> **Work instruction**:
Go through the lines below and tally each one holding "Chapter". Write only the total.

(Short web captions)
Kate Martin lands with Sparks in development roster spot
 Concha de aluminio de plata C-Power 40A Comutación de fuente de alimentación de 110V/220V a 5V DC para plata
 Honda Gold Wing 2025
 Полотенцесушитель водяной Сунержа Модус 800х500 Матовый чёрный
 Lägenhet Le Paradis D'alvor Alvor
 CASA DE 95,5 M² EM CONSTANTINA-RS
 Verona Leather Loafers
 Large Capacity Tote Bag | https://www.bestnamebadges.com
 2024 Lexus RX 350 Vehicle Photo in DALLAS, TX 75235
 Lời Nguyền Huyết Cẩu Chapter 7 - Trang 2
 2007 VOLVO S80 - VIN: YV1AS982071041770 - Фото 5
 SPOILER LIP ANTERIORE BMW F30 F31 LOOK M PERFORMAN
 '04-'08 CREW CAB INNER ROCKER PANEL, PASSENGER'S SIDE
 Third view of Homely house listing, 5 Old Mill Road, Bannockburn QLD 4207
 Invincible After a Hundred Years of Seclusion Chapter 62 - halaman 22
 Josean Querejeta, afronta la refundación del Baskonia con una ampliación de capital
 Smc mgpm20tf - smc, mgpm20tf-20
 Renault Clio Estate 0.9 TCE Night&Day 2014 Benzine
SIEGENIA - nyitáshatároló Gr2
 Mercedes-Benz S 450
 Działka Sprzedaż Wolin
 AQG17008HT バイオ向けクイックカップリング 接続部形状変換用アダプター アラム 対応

> **Solution to the problem**:
2